With the economy in recession, increasing commodity prices, and an on-going crisis across the Eurozone affecting British exports, the RSA has commissioned a series of radical papers to discuss – how can we cope, even thrive, with significant long term slow growth?
High unemployment and falling living standards may well remain a feature of life in the UK under prolonged slow economic growth. At the same time, further dramatic public spending cuts due to be rolled out after the general election inevitably mean ever starker choices about public service provision and welfare entitlements.
Plan C challenges policy makers, opinions formers and ordinary citizens to examine how we might best respond to this new reality. Does slow growth require a more profound shift in policy, expectations and culture? Might it even be possible for some things about our economy, society and culture to improve despite slow growth?

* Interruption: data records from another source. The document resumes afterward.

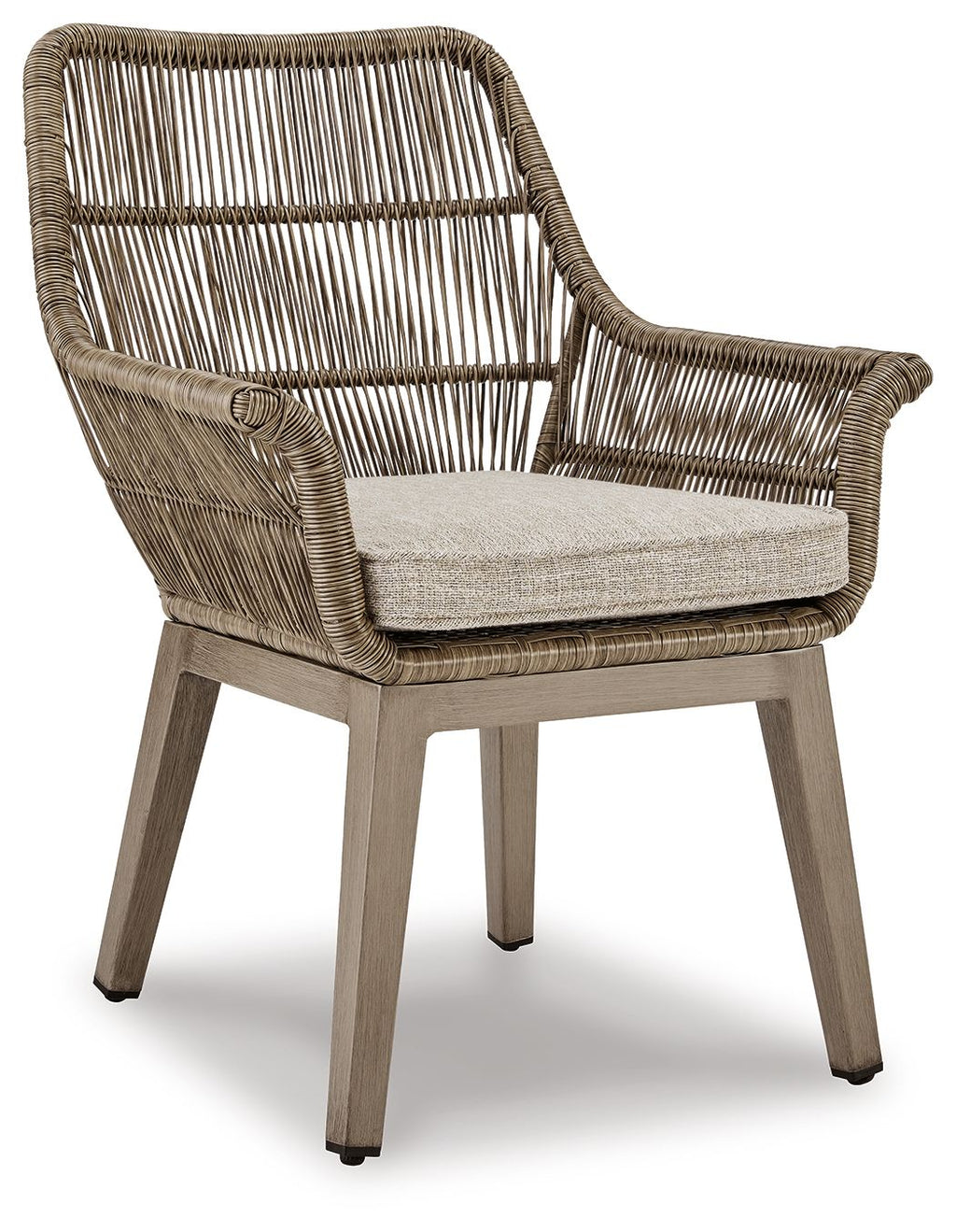 Beige wicker armchair with gray cushion, wide armrests and woven slatted back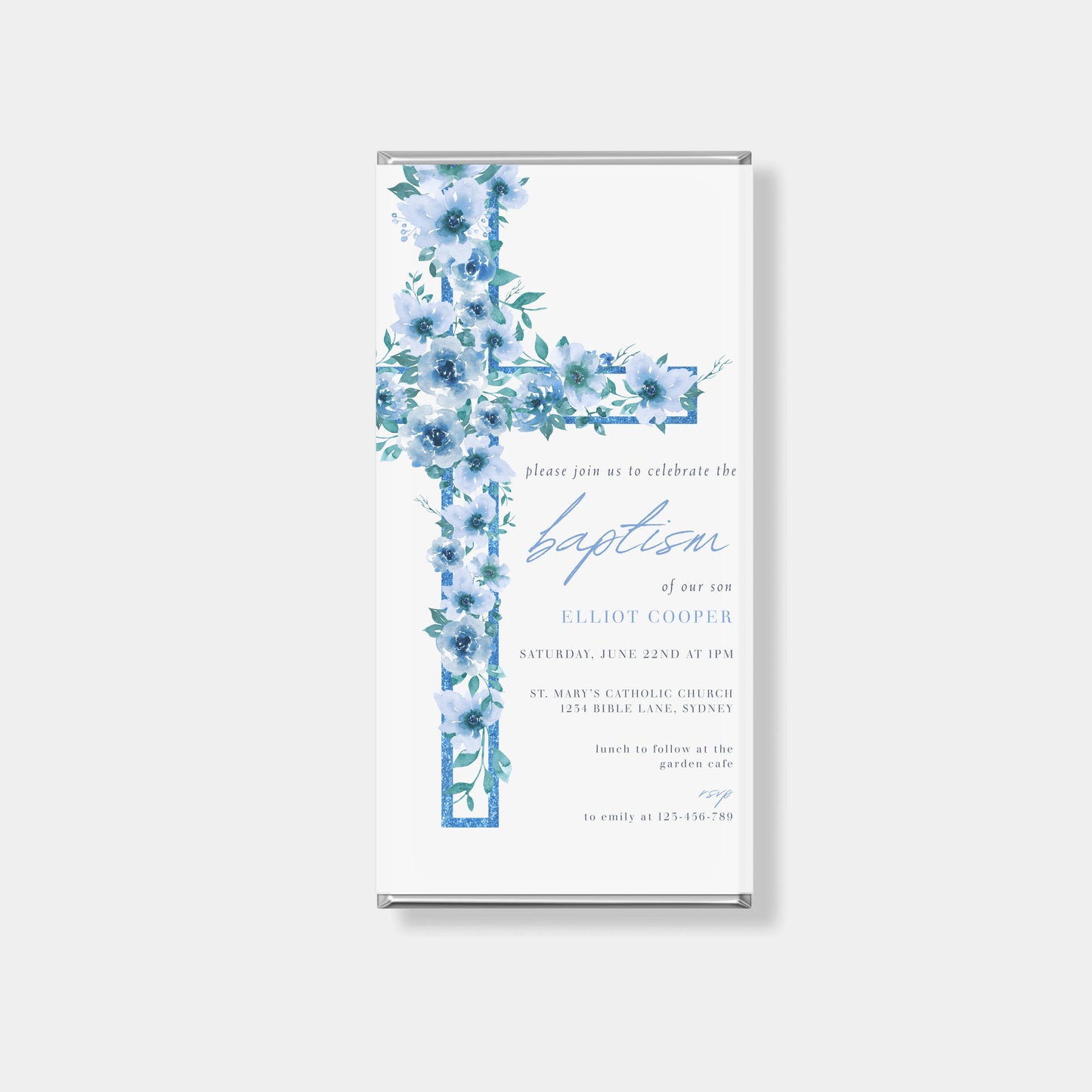 Luxury personalised chocolate bars for baptism with blue floral cross design, custom chocolate gifting Australia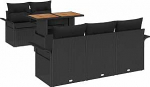 Gartensofa-Set mit Kissen 6 tk Schwarz Poly-Rattan Gartenm&ouml;bel Model3349274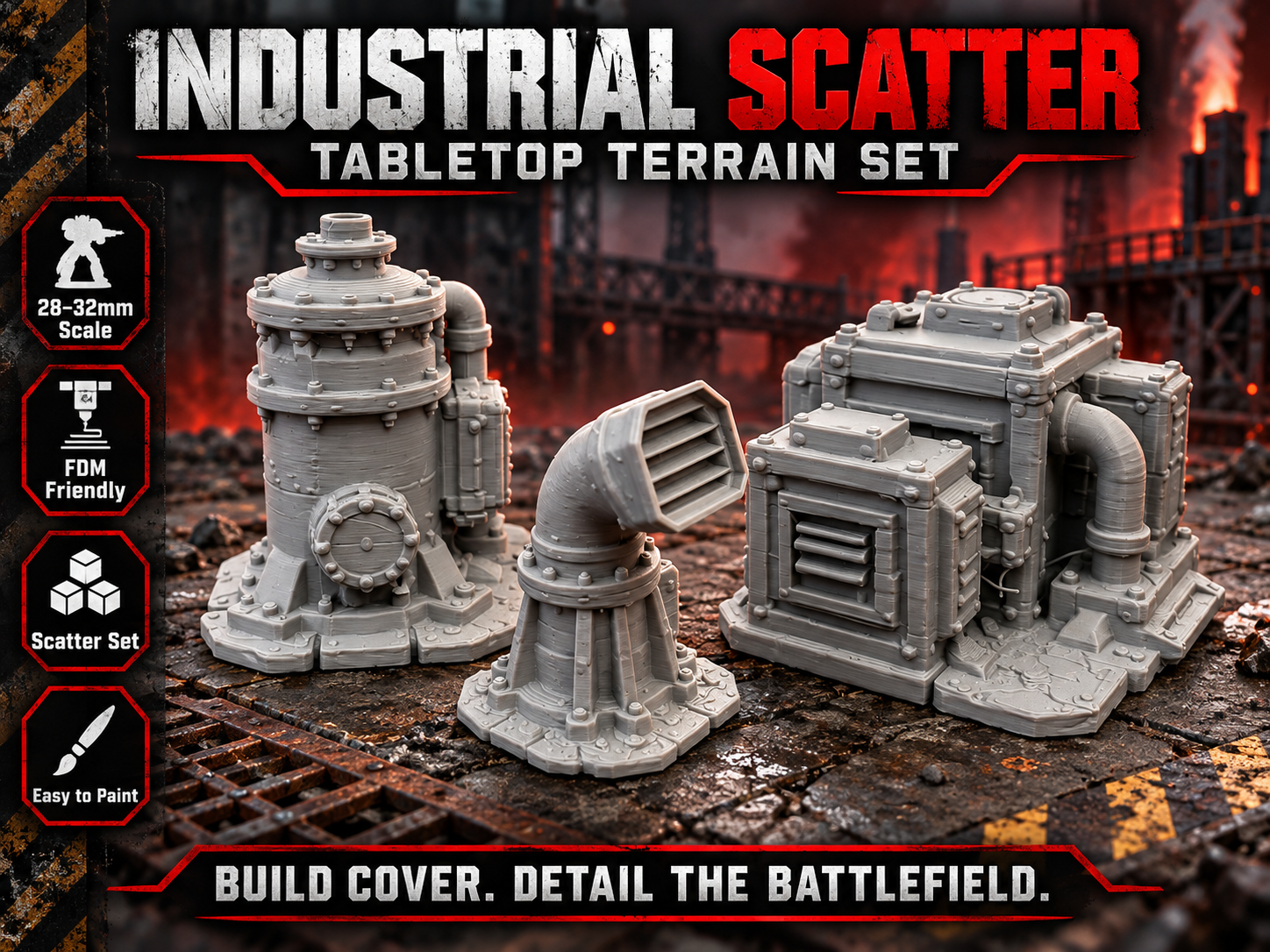 Industrial Scatter Terrain Set – 3-teilig 3D model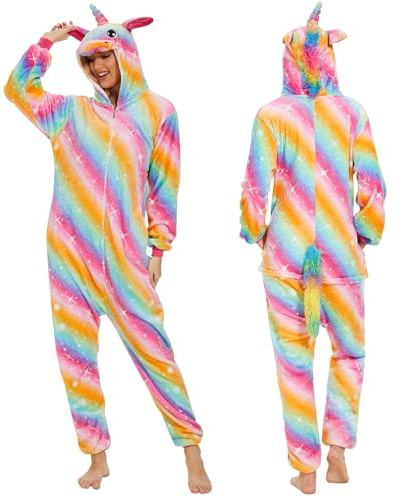 JONRRYIN Pigiama Adulti Animali, Pigiama Intero Costume Uomo Donna Adulto Bambini, Cosplay Onesie Carnevale Tuta Unisex Adulti per Feste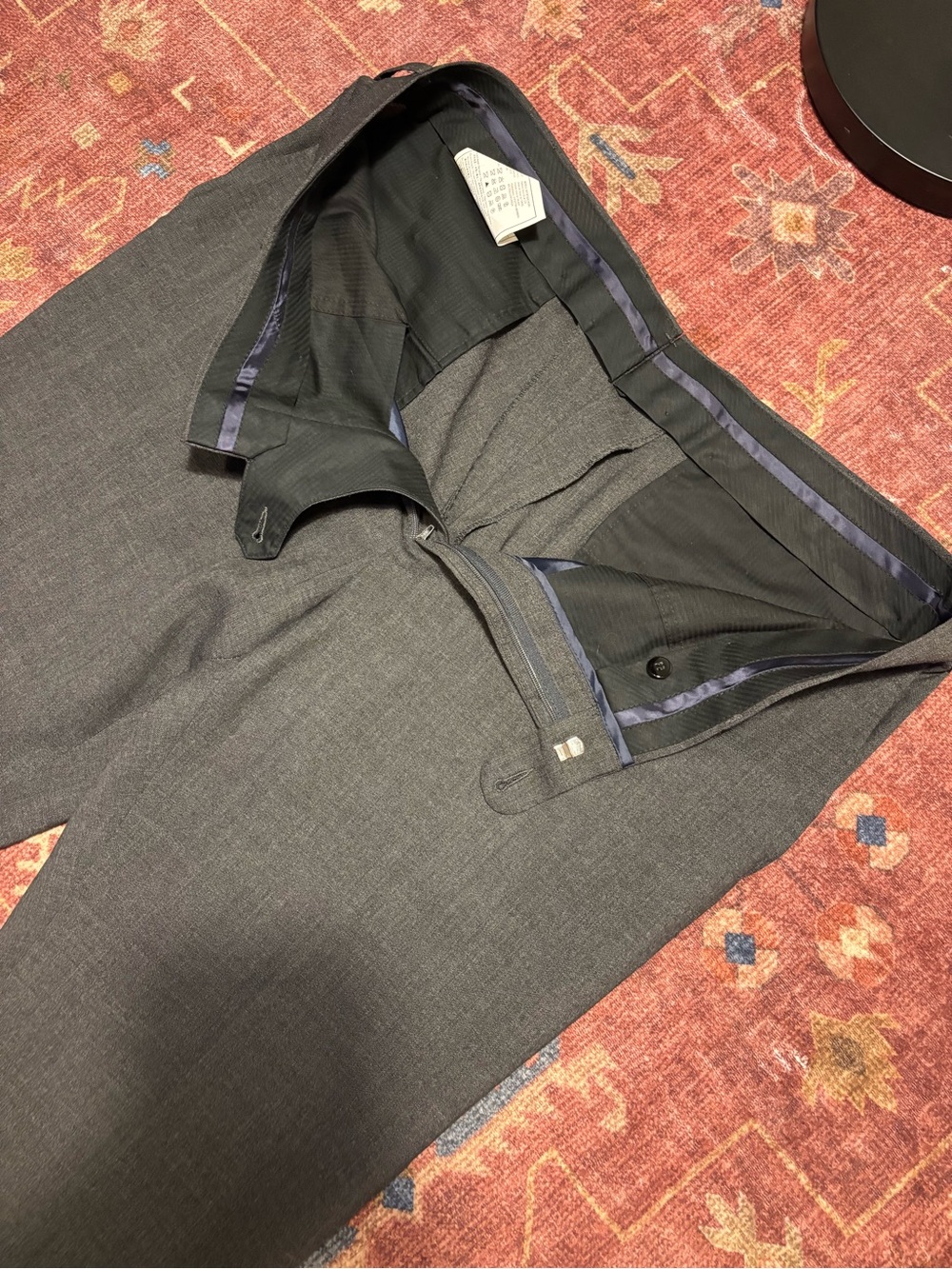 Suitsupply Brescia Traveller Gray Wool Twill Dress Pants Slim Flat Front 36x27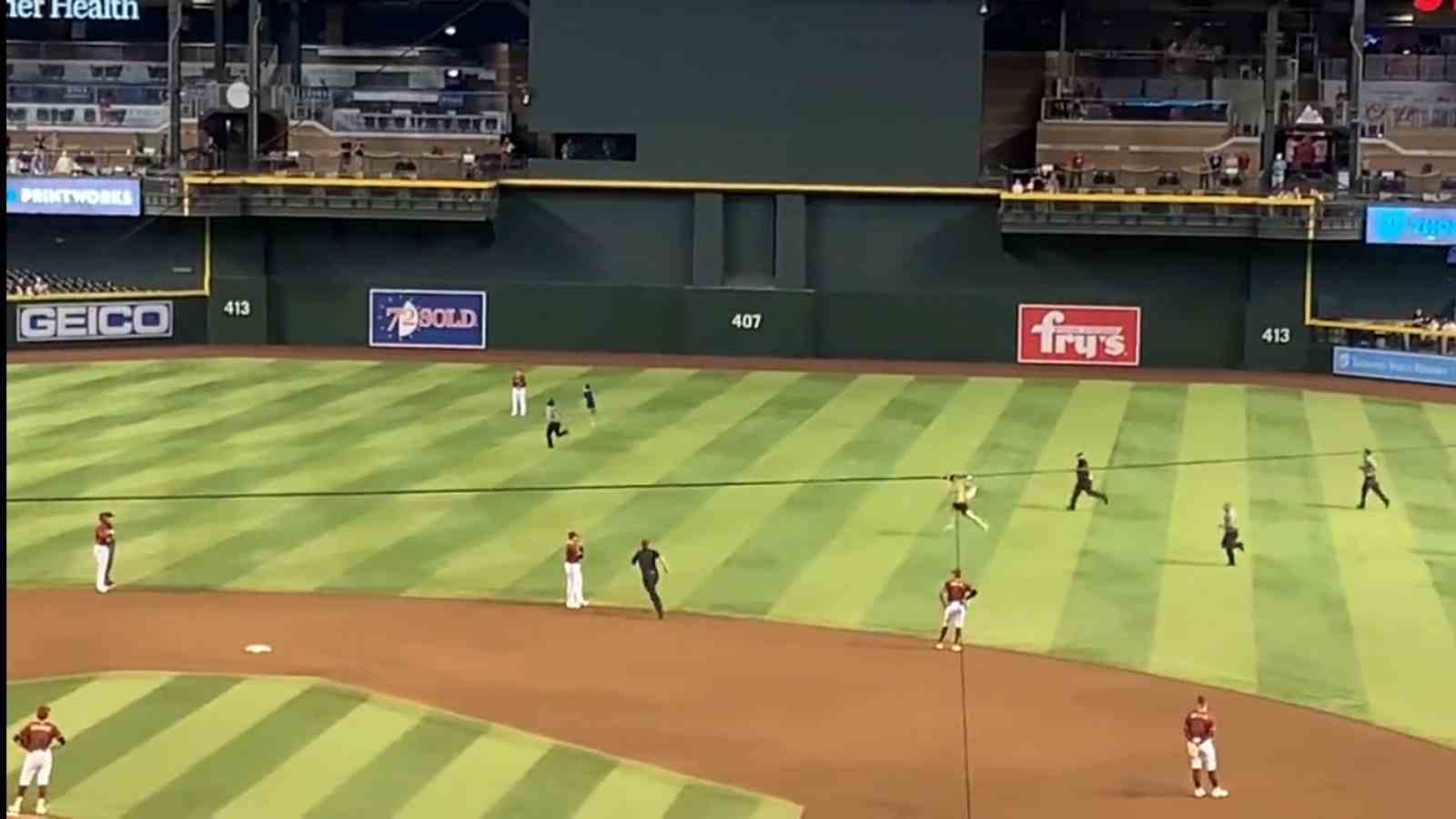 Watch Major League Baseball fans running wild on the field, mocking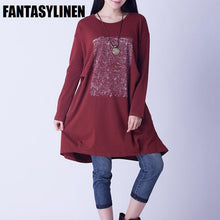 Load image into Gallery viewer, Red Printing Casual Loose Long Sleeve Shirt Dress Women Clothes Q1201A - FantasyLinen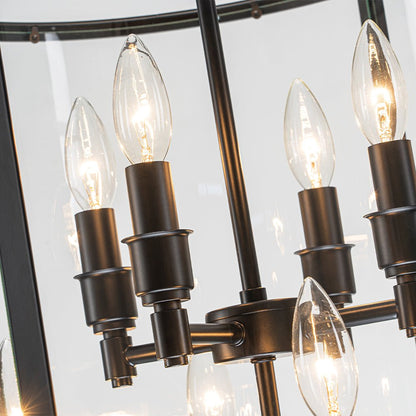 8-Light Farmhouse Cylinder Pendant Light with Clear Glass Shade for Kitchen Island & Dining Room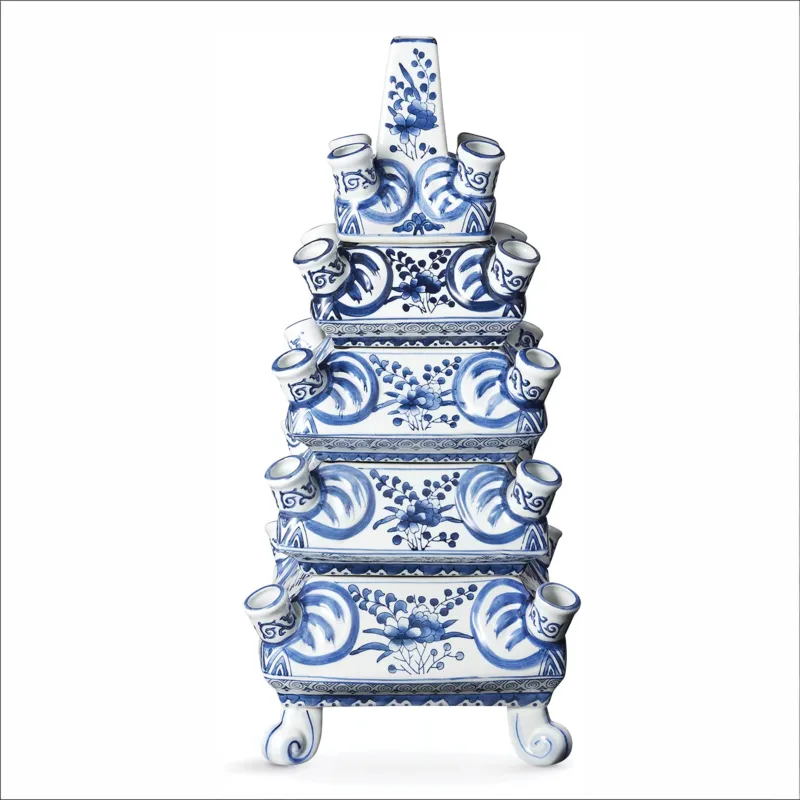 Vase Layer Blue – Handbemalte Designvase aus Porzellan von &k Amsterdam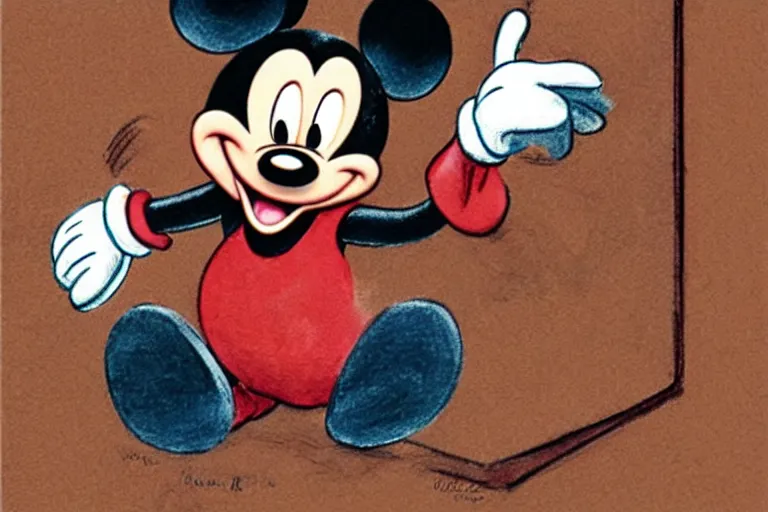 Prompt: courtroom sketch of vintage disney character mickey mouse presenting evidence of copyright infringement to the judge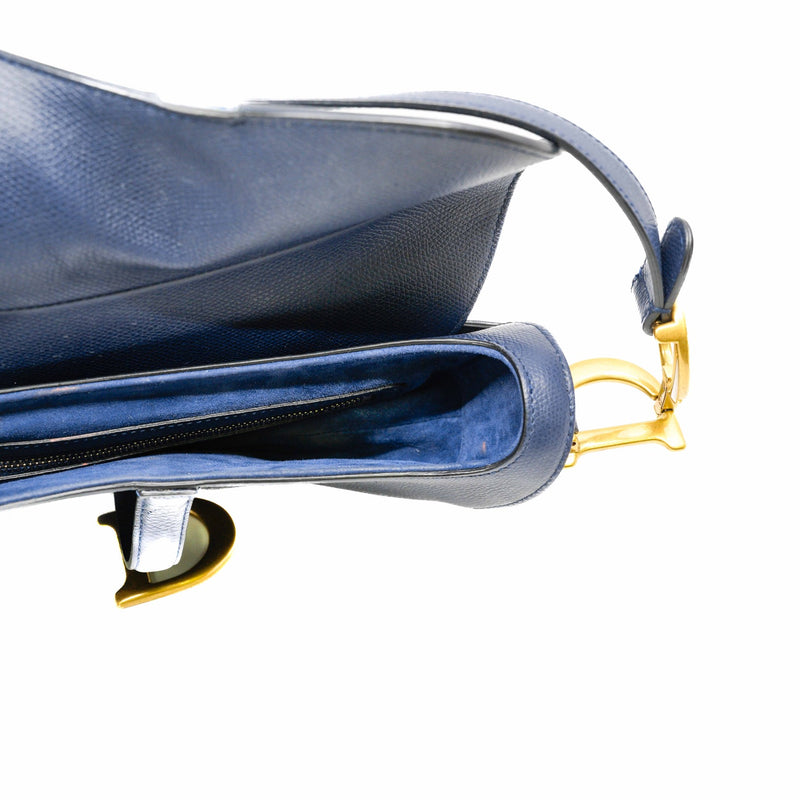 medium saddle bag with strap in calfskin blue ghw 2020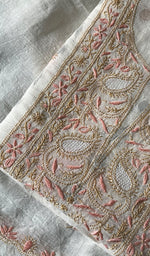 Load image into Gallery viewer, Nagma Women's Lakhnavi Handcrafted Linen Cotton Chikankari Kurta And Dupatta Set- HONC0250085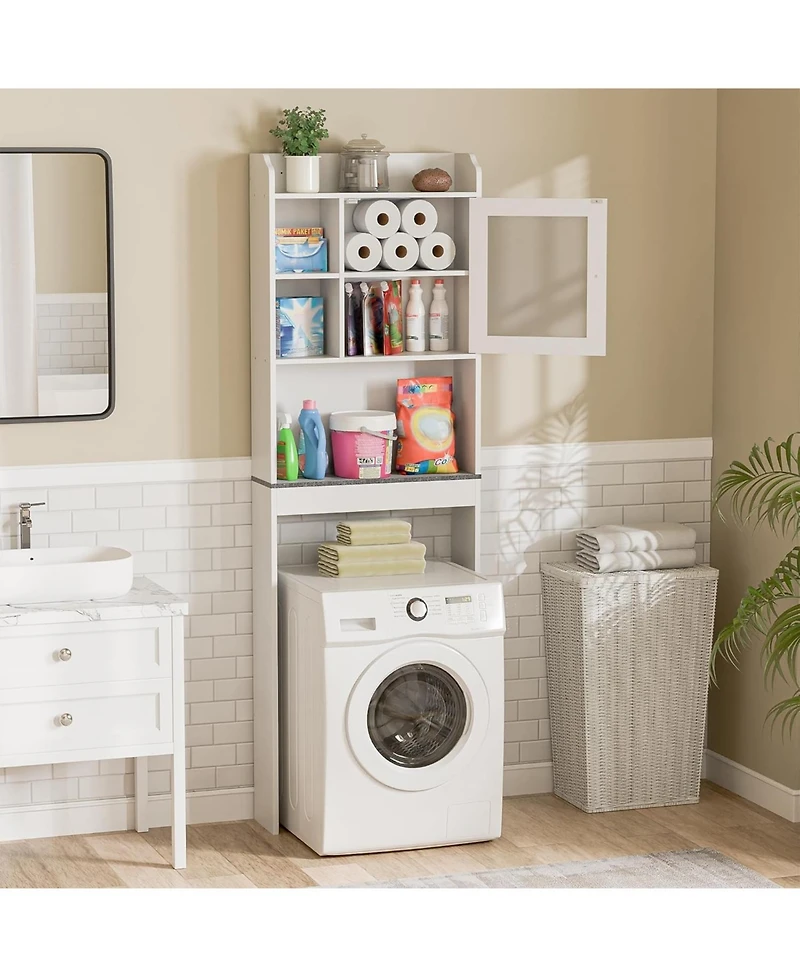 Vanirror White Over The Bathroom Storage Cabinet, Freestanding Wood Space-Saving Organizer with Glass Door & Adjustable Shelves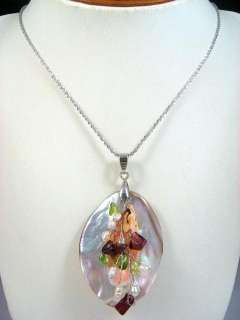 MOTHER OF PEARL&AMETHYST&TOURMALINE&PEARL&GOLD NECKLACE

To begin to tackle these questions, there must first be clarity on what it is that the state should be doing and what role individuals have, as well as the degree of redistribution we want through public spending, welfare and taxation. Higher priority will need to be given to public spending that increases growth potential. Crucial long-term investments such as early years education to big infrastructure investment must be sustained in order to raise our productive potential.
In Slow Growth and Fiscal Choices, IFS director Paul Johnson argues that we need to respond to current challenges with serious thinking around the size and role of the state, the level and composition of public spending, and the most efficient and effective way of reforming the tax system.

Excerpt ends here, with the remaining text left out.